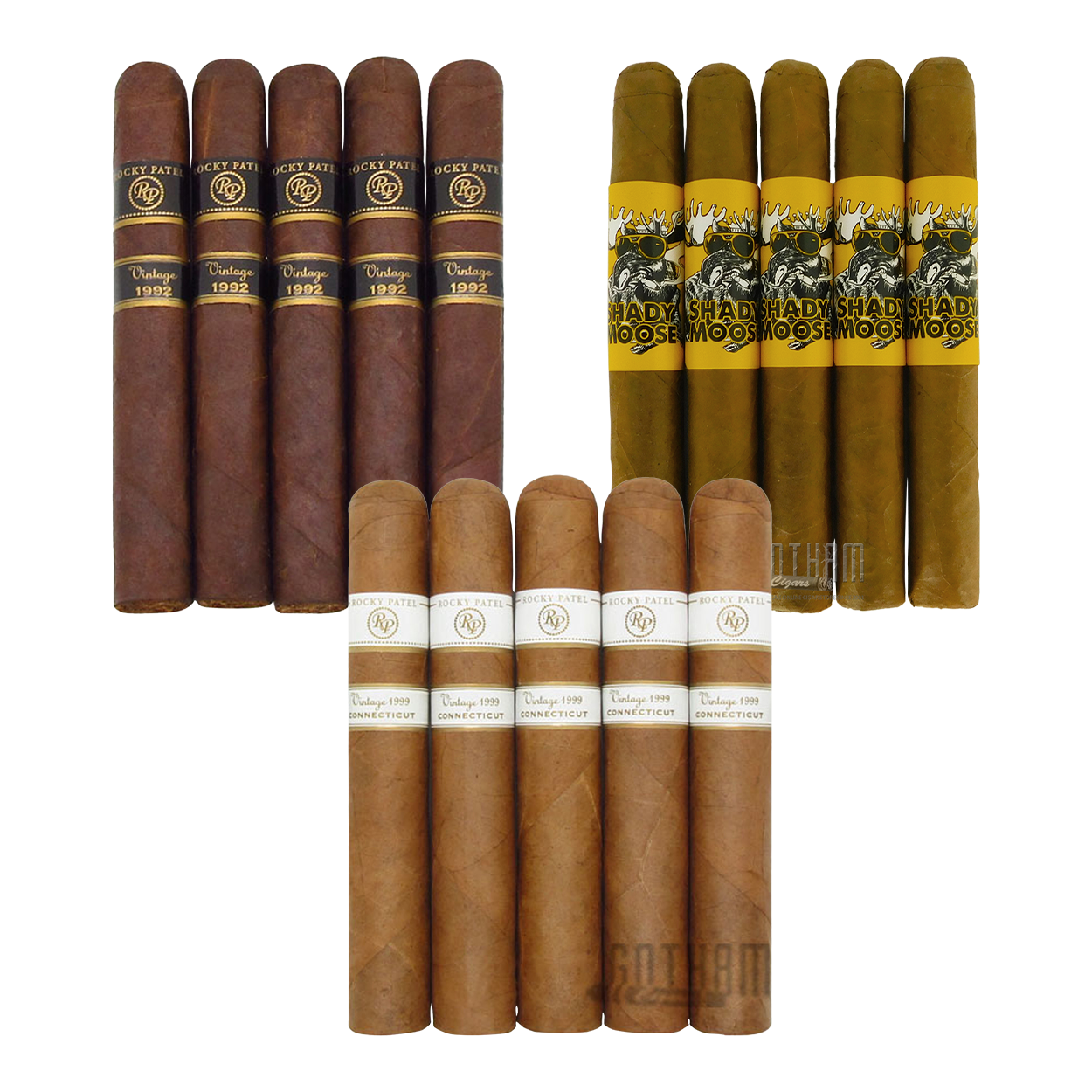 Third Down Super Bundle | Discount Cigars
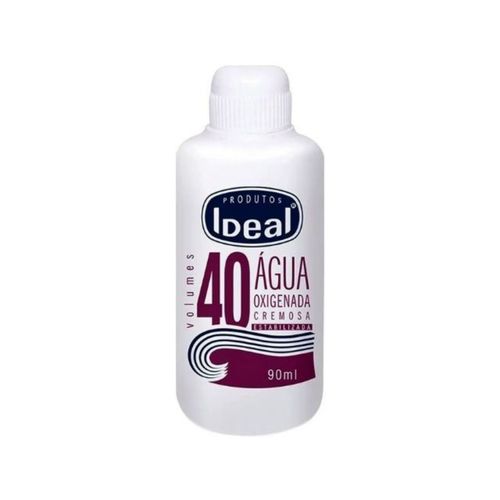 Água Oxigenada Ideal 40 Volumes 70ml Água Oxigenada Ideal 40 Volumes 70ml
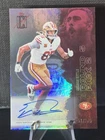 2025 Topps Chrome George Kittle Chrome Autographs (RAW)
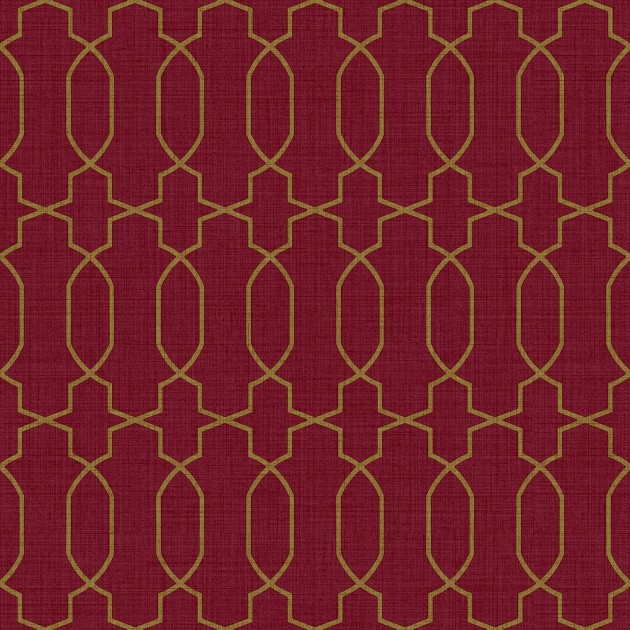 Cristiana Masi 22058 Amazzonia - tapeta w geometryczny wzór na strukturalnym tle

** TASK GOAL **
Reproduce the data above line for line, excluding every picture.

** TASK RESPONSE **
 Third Down Super Bundle | Discount Cigars
 Água Oxigenada Ideal 40 Volumes 70ml Água Oxigenada Ideal 40 Volumes 70ml
 2025 Topps Chrome George Kittle Chrome Autographs (RAW)
 Cristiana Masi 22058 Amazzonia - tapeta w geometryczny wzór na strukturalnym tle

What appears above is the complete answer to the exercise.